Costume Designers are also required to:
Determine the costume needs of the production, research period details, fashions available and rental possibilities and create the colour scheme to be used as a rendering in collaboration with the set and lighting designer. They sketch ideas into renderings for Director and Actor approval, and as working drawings for the costume construction team. Designers determine fabrics and/or fabric modifications necessary to fulfil ideas determined on renderings, meet with costume personnel as necessary to facilitate the interpretation of the costume renderings into 3D costume and attend rehearsals and fittings as necessary.
Props Designers are also required to:
Determine materials, construction techniques and finishers to fulfil ideas determined on, transpose sketches ideas into renderings for the Directors and performers approval, and as working drawings for the props crew. Designers sketch ideas into renderings for the Directors and performers approval and as working drawings for the set construction crew.

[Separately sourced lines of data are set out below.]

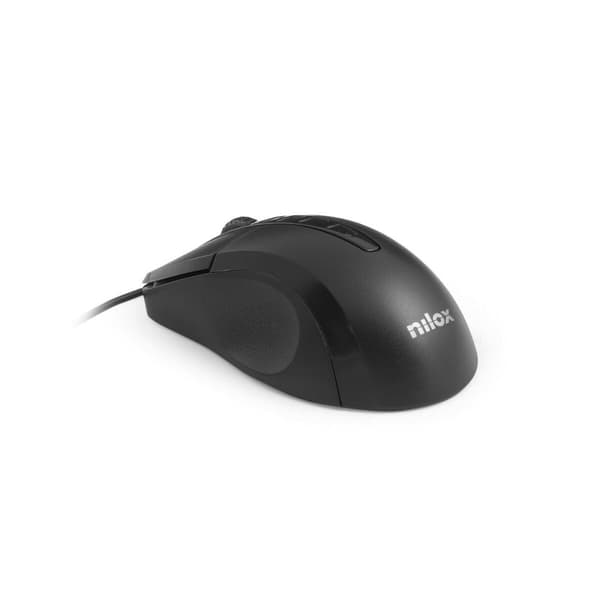 Optisk Mus Nilox MOUSB1001 1000 DPI Svart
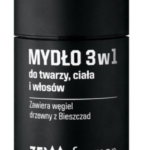 Mydło 3 w 1 do twarzy, ciała i włosów z węglem drzewnym Zew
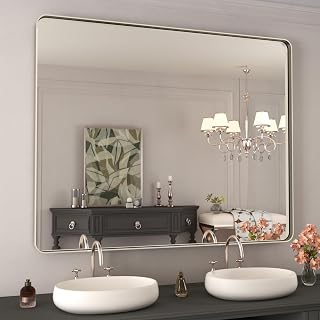 WEER Bathroom Vanity Mirror Brushed Nickel 40X32 Inch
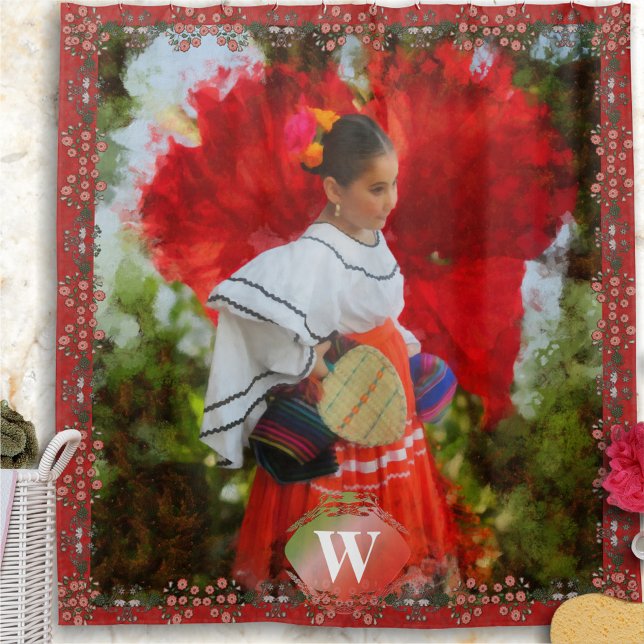 Fiesta Flower 2555 Shower Curtain (Creator Uploaded)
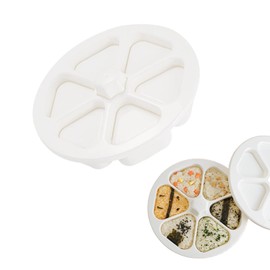 Liroyal Rice Ball Maker, Rice Ball Maker, 6 Holes, Triangle Sushi Mold Kit, Easy and Convenient for Kids, Bento Box, Rice Ball Maker, Restaurants, Commercial Use, Kitchen Utensils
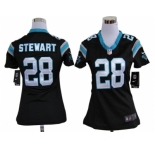 nike women nfl jerseys carolina panthers #28 stewart black[nike]
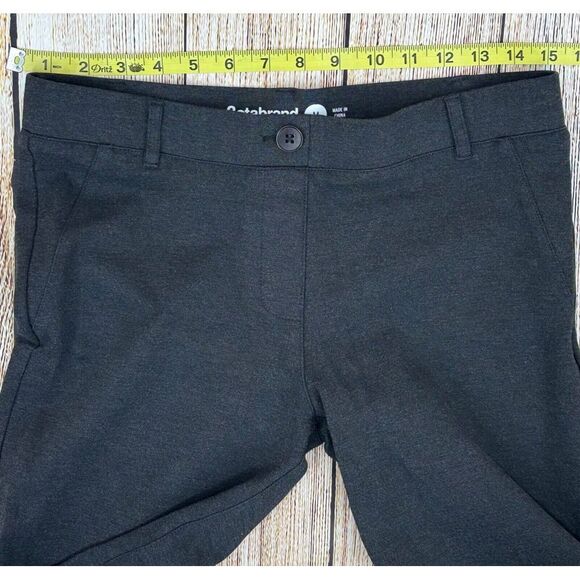 Betabrand Classic Dress Pants Size Medium Yoga Bootcut Charcoal Gray Stretch - Picture 4 of 9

Typical Physical Working Environment
Designers are usually based in capital cities or large regional cities. Designers are usually employed on contract for a single show or a number of shows. Full time design employment is only found in top commercial performing arts and entertainment areas and in education.
Designers are contracted over generally longer periods of time from pre-production till performance week. Workloads are usually not evenly distributed with intense periods during creative development, production and technical weeks. Design is a highly portable career with the opportunity to travel and work worldwide. Standardisation of production design practice is occurring globally.
Typical Occupational Example
Designers are employed in every sector of the entertainment industry, from drama, dance, musicals and for other production companies to the music industry, major events, conventions and trade shows, film and television productions.
Rates of pay vary from state to state and according to the industry sector and enterprise agreements. For experienced designers, reputation may also be a factor in the salary they are able to secure. Added to this are royalty payments linked to productions. As a general guide full time salaries fall within the range of $45,000 - $65,000 per year, with higher salaries for those in senior and executive positions.